WORK INSTRUCTIONS
Of the records that follow, copy only the lines from the line containing "Prague, Prague 1" to the line containing "Immagine 4 di", both included, exactly as written.

DATA PROVIDED
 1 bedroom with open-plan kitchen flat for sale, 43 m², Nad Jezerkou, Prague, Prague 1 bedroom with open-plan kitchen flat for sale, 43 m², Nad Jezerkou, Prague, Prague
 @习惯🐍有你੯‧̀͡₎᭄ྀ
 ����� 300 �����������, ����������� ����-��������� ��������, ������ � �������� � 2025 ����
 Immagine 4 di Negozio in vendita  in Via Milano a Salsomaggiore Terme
--
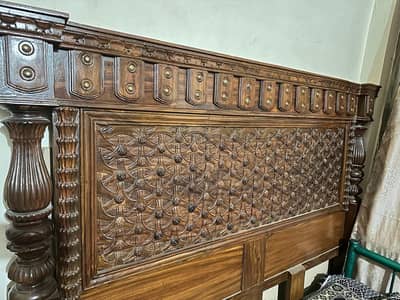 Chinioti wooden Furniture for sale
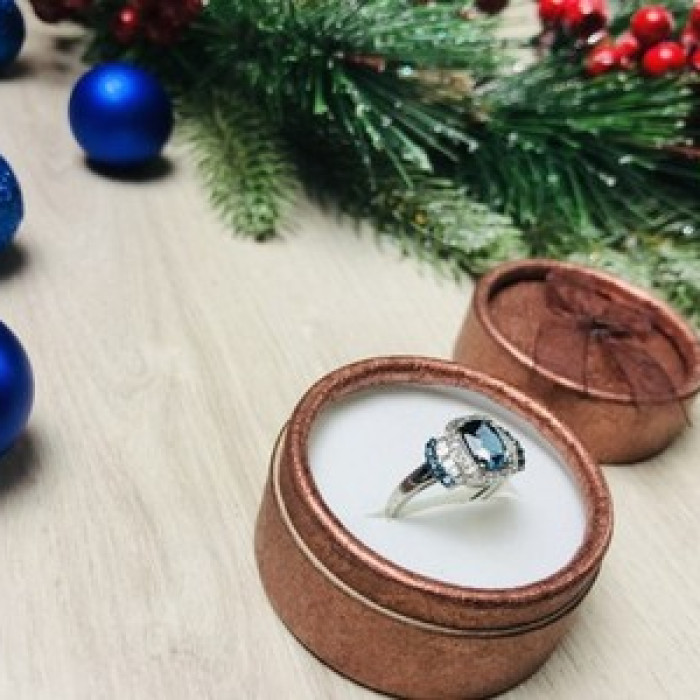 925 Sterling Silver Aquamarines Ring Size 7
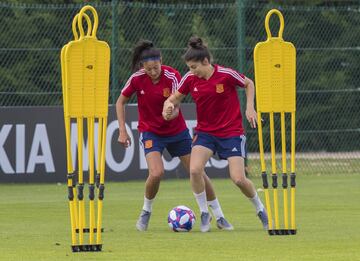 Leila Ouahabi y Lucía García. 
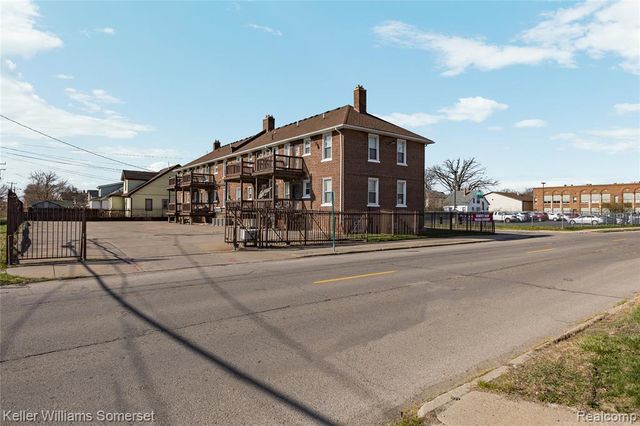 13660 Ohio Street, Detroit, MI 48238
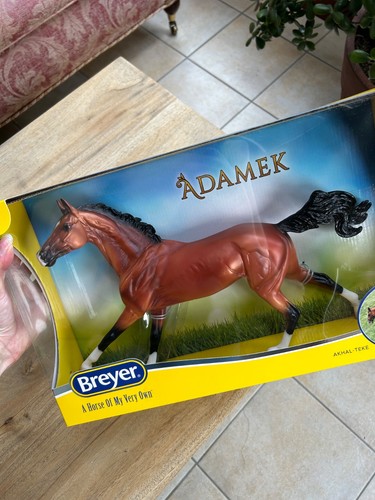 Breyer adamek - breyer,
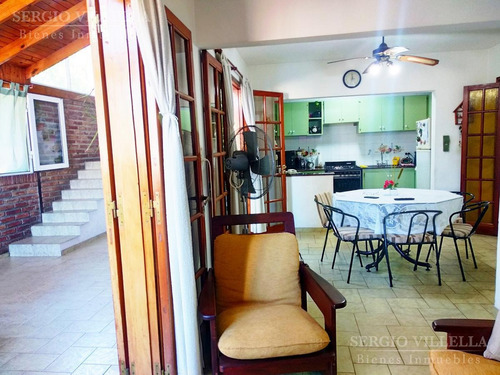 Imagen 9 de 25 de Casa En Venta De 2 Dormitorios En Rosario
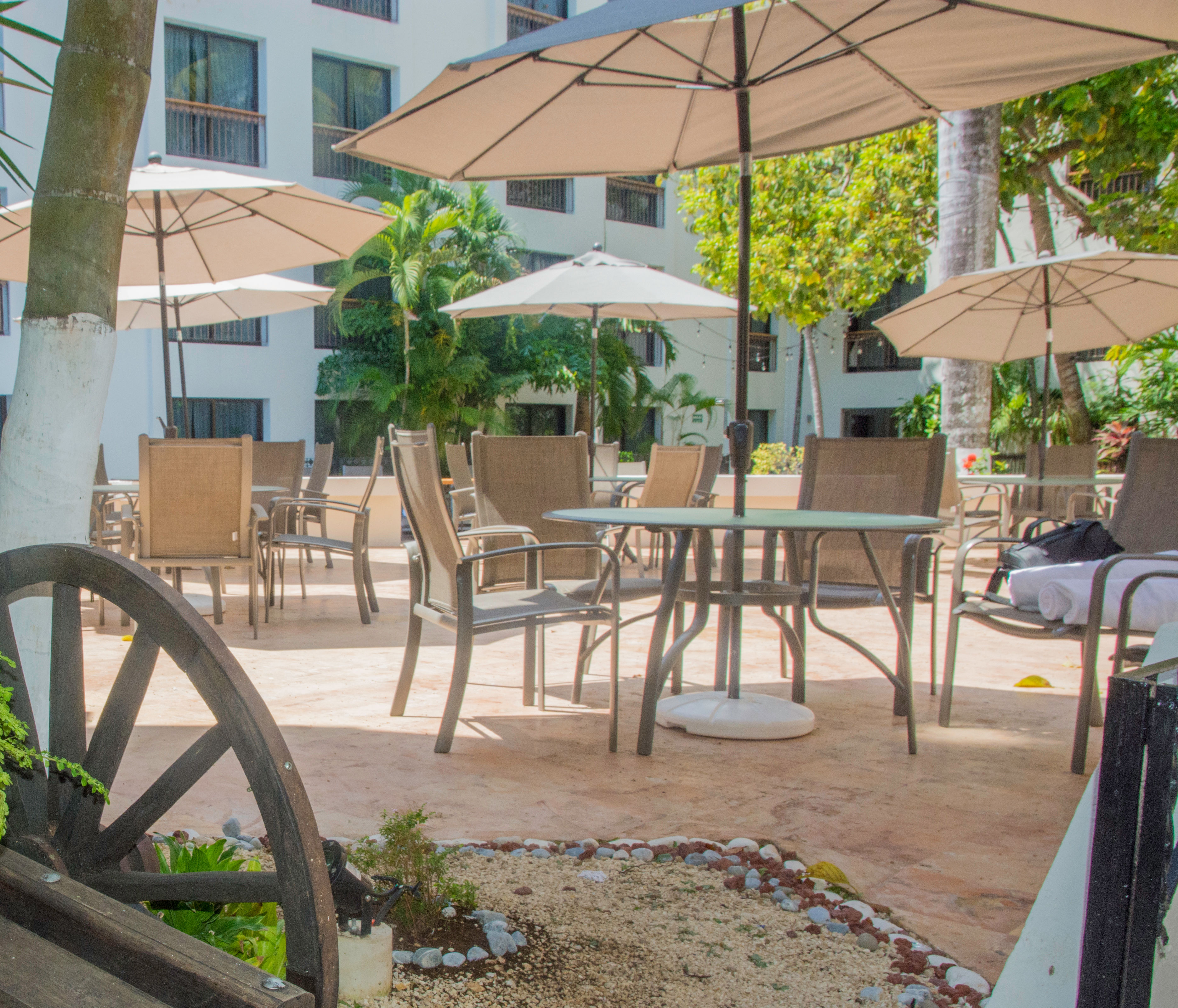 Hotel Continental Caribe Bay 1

RESPONSE BOX
 1 bedroom with open-plan kitchen flat for sale, 43 m², Nad Jezerkou, Prague, Prague 1 bedroom with open-plan kitchen flat for sale, 43 m², Nad Jezerkou, Prague, Prague
 @习惯🐍有你੯‧̀͡₎᭄ྀ
 ����� 300 �����������, ����������� ����-��������� ��������, ������ � �������� � 2025 ����
 Immagine 4 di Negozio in vendita  in Via Milano a Salsomaggiore Terme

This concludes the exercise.